Jason Arhndt (born October 15, 1971) is an American retired professional wrestler. He is best known for his appearances with the World Wrestling Federation (WWF) under the ring name Joey Abs as part of the Mean Street Posse. He also performed using the nickname Venom.

Professional wrestling career

Early career (1994–1999)
Arhndt began his career as a member of Matt and Jeff Hardy's Organization of Modern Extreme Grappling Arts (OMEGA) in Cameron, North Carolina. Arhndt also made some appearances as enhancement talent using his real name on WWF Monday Night Raw in 1994 and 1995. In 1996, he became the first victim to receive the Stunner from Stone Cold Steve Austin on an episode of Superstars. Later that year, teaming with Eddie Jackie, they scored an upset win against Steve Austin, pinning him after he was clotheslined by Davey Boy Smith. On August 2, 1997, he was defeated by Jeff Hardy to crown the first OMEGA New Frontiers Champion.

World Wrestling Federation (1999–2001)
In early 1999, he joined the WWF as Joey Abs. He made his WWF debut on the June 21, 1999 episode of Raw is War.
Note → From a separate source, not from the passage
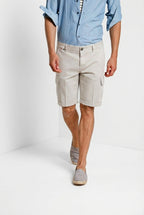 Chile bermuda cargo homme en satin stretch slim fit ①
He was a part of the Mean Street Posse, a heel stable, with Pete Gas and Rodney, clad in sweater vests, loafers, and dress pants. Although Gas and Rodney were childhood friends of Shane McMahon, Abs had a legitimate wrestling background. They started off as a group from Greenwich, Connecticut of about ten people in early 1999, but then as the year went on the stable whittled its way down to three members. The group was closely allied with McMahon, often helping him defend the WWE European Championship throughout early 1999. At WrestleMania 2000, each member won the WWF Hardcore Championship for a short while.
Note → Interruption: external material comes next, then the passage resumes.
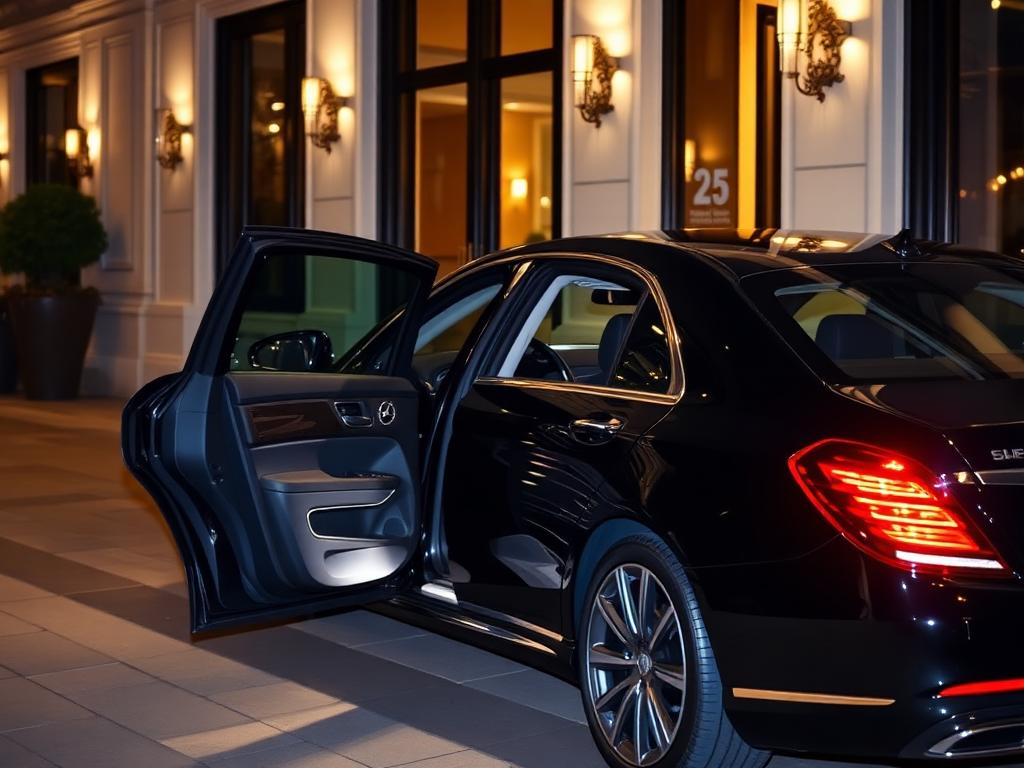 Chauffeur transfer for congress delegates at the Palais des Congrès in Paris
All three Posse members were briefly signed to the WWF developmental territory of Memphis Championship Wrestling (MCW). In MCW in June 2000, Abs won the MCW Southern Heavyweight Championship from Lord Steven Regal. He, however, lost the title to K-Krush on August 19. Abs was released from the WWF in early 2001 and retired in the same year.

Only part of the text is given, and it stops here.